The tonal system is a terracing system with two tones and emic downsteps, but with the H! sequence being realized as extra-high in some contexts. The domain of tone is the vowel mora, but there are many constraints on the possible tone patterns with a word; uncompounded nouns show only 4 different overall possibilities at most for any given segmental shape, and inflecting verbs have only two possible intrinsic tone patterns.

==Orthography==
The orthography used above is basically that of the New Testament translation, which remained the only substantial written work available in Kusaal for a long time. The New Testament orthography, however, spells "goat" boog, and the vowel is intermediate between u and o, phonetic /[ʊ]/.
It is adequate for mother-tongue speakers but does not suffice to distinguish the seven distinct vowel qualities of Agole Kusaal, does not mark tone, and has partly inconsistent word-division conventions due to the complications produced by the Kusaal final vowel loss/reduction phenomena.

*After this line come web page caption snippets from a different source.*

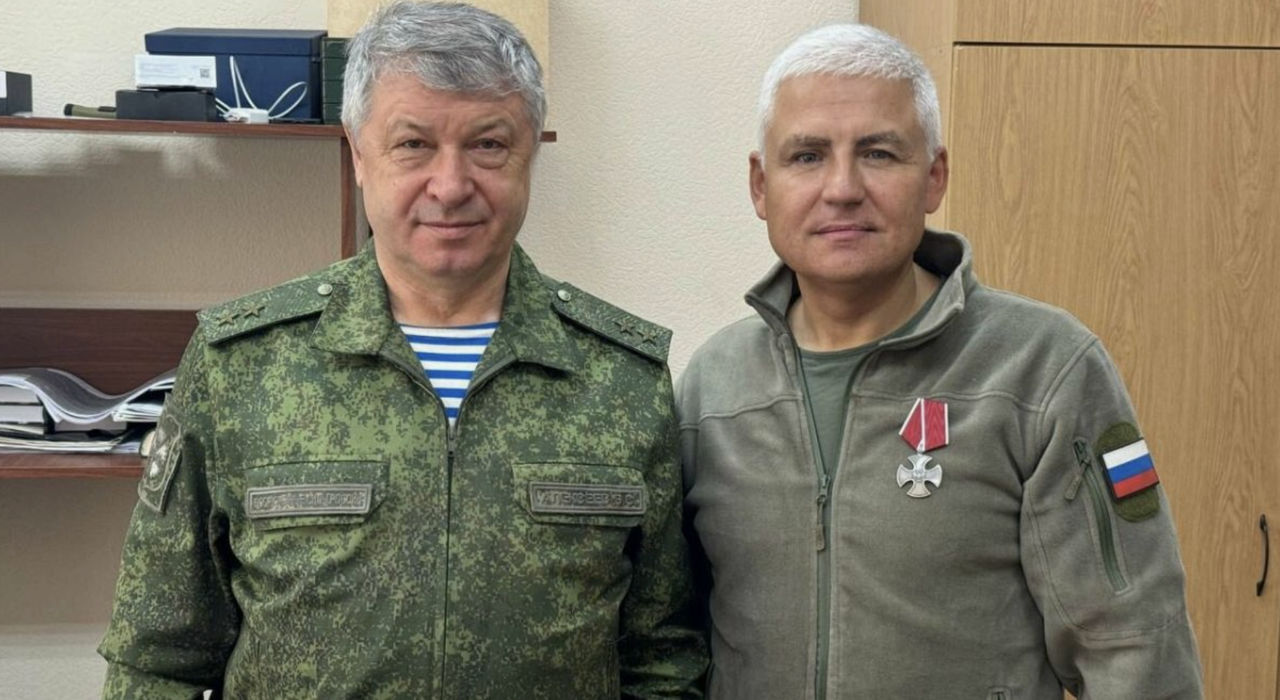 ФСБ раскрыла личности киллера и пособников покушения на замначальника ГРУ.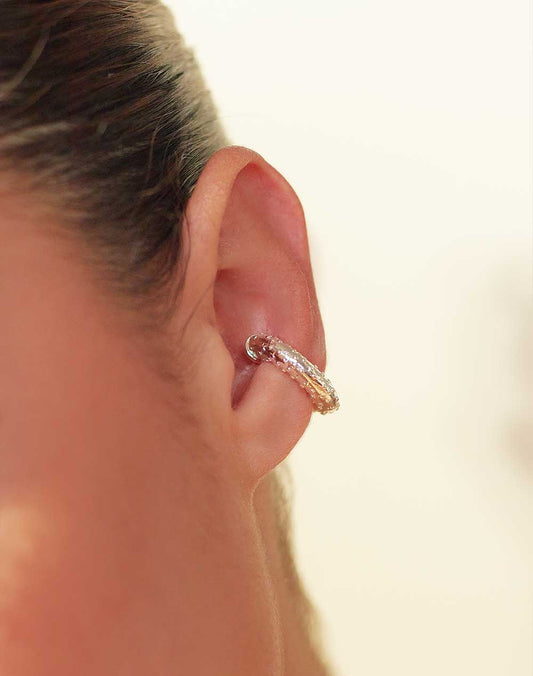 Entrelazos Estrellas Earcuff - Textured Star Cuff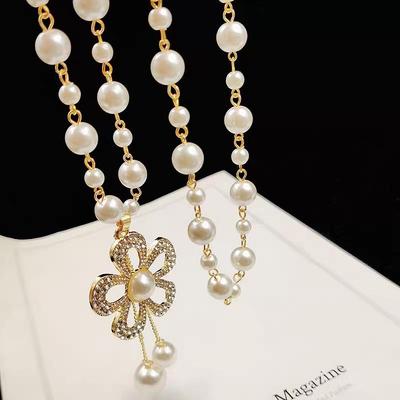 Collana Maglione Floreale con Perline di Alta Gamma da Donna - Design Trendy Autunno/Inverno 2023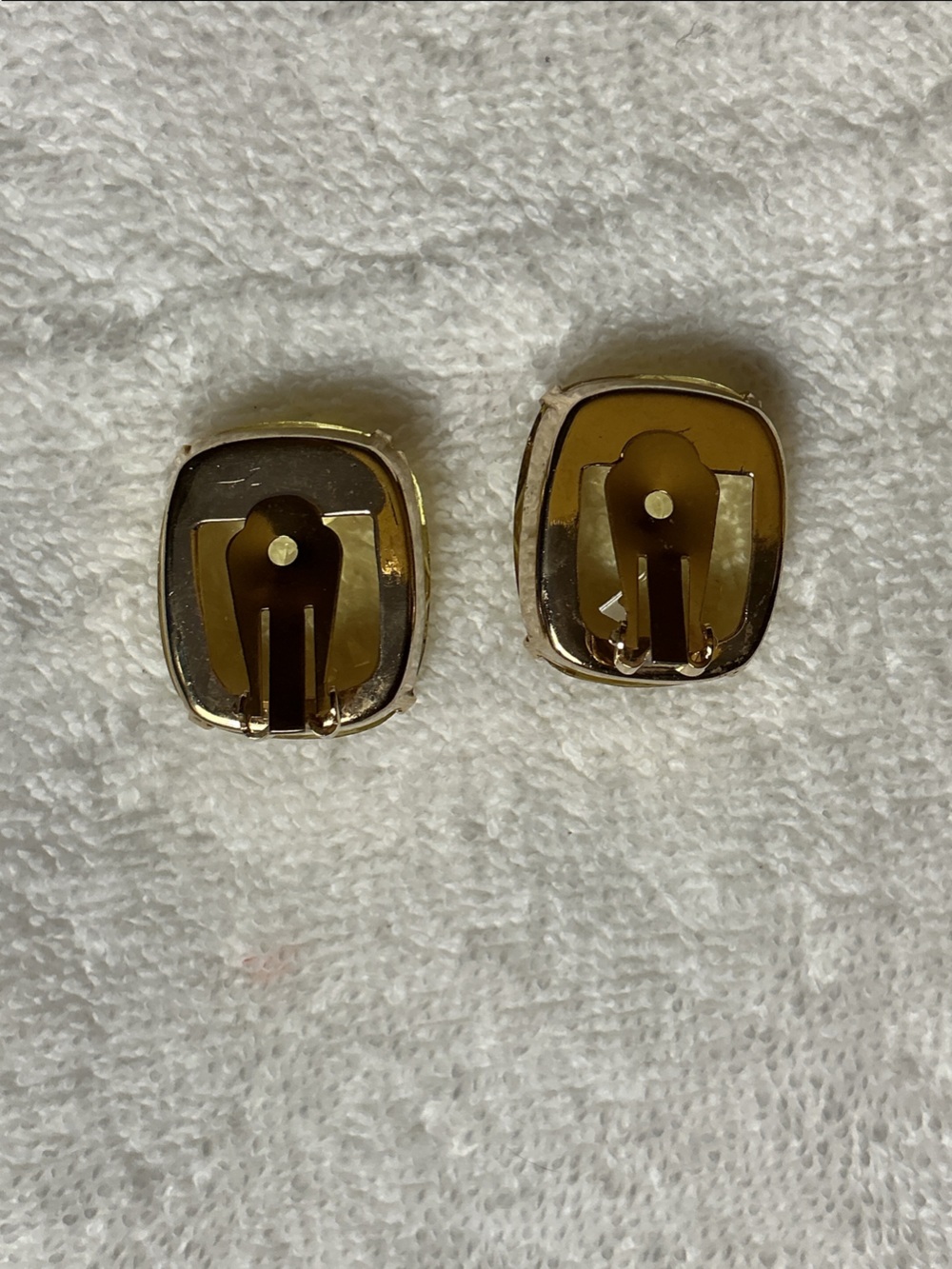 Vintage Yellow Cushion-Cut Glass Clip-on Earrings - Picture 5 of 6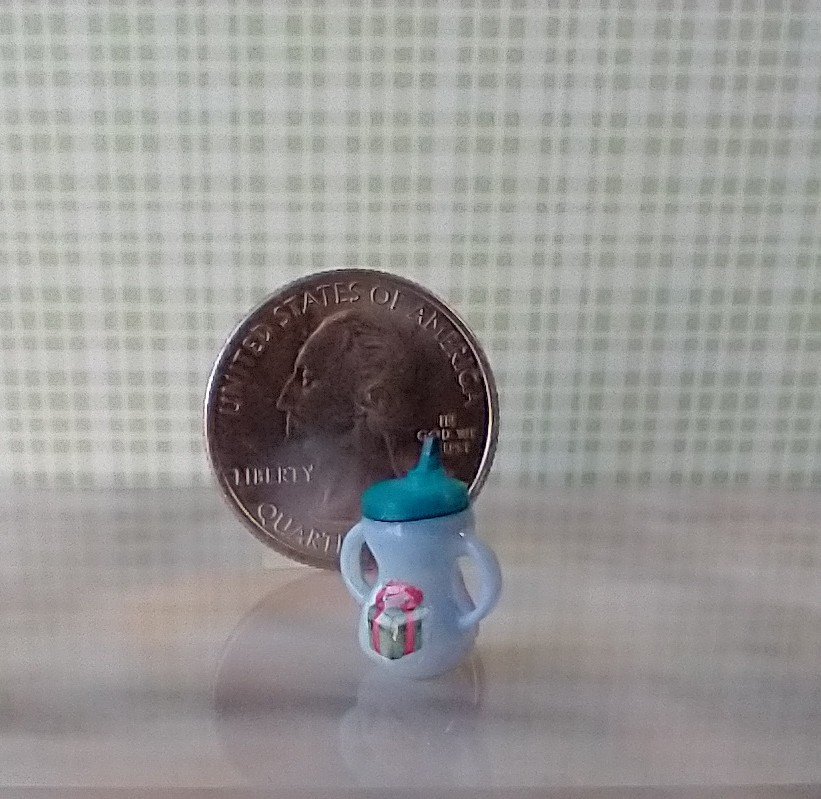 1:12 Dollhouse miniature holiday-themed sippy cup with easy grip handles REF Teal lid, gift box, pair of mittens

Since 2013, however, a unified orthography of the language has been in use and is used across various sectors including education at the University of Education, Winneba (Ajumako campus) and by translators who recently (2015) succeeded in revising the New Testament as well as translating the complete Old Testament into the language using the set of guidelines provided in the current orthography.

==Study==
Materials on Kusaal have gradually increased over the last few years. Some aids for learners were produced by the husband-and-wife Spratt team who pioneered the linguistic study of the language and may be obtainable from GILLBT (Ghana Institute of Linguistics, Literacy and Bible Translation) in Tamale, Ghana. Literacy materials, collections of folk stories and so forth have also been produced by GILLBT. There is also a simple dictionary compiled by David and Nancy Spratt from the same source. Also available are two master theses from native speaker linguists on the phonology (Musah 2010) and the syntax (Abubakar 2011). Much grammatical information on the Burkina Faso dialect (Toende) is to be found in Niggli's primarily phonological work cited below. Several other documents including the Orthography of the language are also available from GILLBT. Another fairly extensive grammar of Agolle Kusaal is available online.